* _YOUR INSTRUCTIONS_
Your job is to report every line of the entries that has "people".

-*-

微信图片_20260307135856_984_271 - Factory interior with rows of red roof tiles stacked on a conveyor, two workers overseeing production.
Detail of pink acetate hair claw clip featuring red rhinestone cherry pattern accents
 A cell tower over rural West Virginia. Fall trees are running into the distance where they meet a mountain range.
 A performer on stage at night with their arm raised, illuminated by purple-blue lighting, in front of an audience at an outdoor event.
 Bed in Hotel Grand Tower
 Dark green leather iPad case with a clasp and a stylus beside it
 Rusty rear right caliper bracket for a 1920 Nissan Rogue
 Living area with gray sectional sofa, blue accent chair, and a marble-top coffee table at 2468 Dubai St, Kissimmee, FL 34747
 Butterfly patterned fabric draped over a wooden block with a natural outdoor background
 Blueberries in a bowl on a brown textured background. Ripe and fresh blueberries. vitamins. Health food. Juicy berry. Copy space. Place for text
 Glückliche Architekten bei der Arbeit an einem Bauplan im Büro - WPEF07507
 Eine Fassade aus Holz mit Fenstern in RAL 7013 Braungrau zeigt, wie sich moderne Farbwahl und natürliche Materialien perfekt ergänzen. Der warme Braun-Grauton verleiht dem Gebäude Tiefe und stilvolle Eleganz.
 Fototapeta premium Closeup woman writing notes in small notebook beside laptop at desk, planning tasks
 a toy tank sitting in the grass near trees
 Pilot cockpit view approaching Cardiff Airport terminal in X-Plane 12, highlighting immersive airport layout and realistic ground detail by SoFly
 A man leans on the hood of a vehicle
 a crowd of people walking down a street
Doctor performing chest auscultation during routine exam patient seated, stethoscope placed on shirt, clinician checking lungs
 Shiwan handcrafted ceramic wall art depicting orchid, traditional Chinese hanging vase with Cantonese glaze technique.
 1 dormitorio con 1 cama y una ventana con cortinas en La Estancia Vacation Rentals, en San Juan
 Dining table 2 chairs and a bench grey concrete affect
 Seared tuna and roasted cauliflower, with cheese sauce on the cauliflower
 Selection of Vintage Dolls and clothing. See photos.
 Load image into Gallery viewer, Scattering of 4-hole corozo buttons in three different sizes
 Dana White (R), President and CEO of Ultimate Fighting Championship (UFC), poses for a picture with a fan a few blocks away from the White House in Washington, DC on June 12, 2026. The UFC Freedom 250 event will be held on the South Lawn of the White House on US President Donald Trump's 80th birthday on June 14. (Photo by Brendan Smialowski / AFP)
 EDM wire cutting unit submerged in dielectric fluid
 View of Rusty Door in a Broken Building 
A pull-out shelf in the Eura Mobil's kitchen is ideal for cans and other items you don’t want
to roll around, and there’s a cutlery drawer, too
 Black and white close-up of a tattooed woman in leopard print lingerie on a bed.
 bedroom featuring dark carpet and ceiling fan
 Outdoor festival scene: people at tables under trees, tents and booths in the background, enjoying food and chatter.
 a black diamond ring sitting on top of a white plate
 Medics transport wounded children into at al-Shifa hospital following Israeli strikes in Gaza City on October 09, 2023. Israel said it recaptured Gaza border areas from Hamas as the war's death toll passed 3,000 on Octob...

-*-

* _COMPLETED EXERCISE_
 a crowd of people walking down a street
 Outdoor festival scene: people at tables under trees, tents and booths in the background, enjoying food and chatter.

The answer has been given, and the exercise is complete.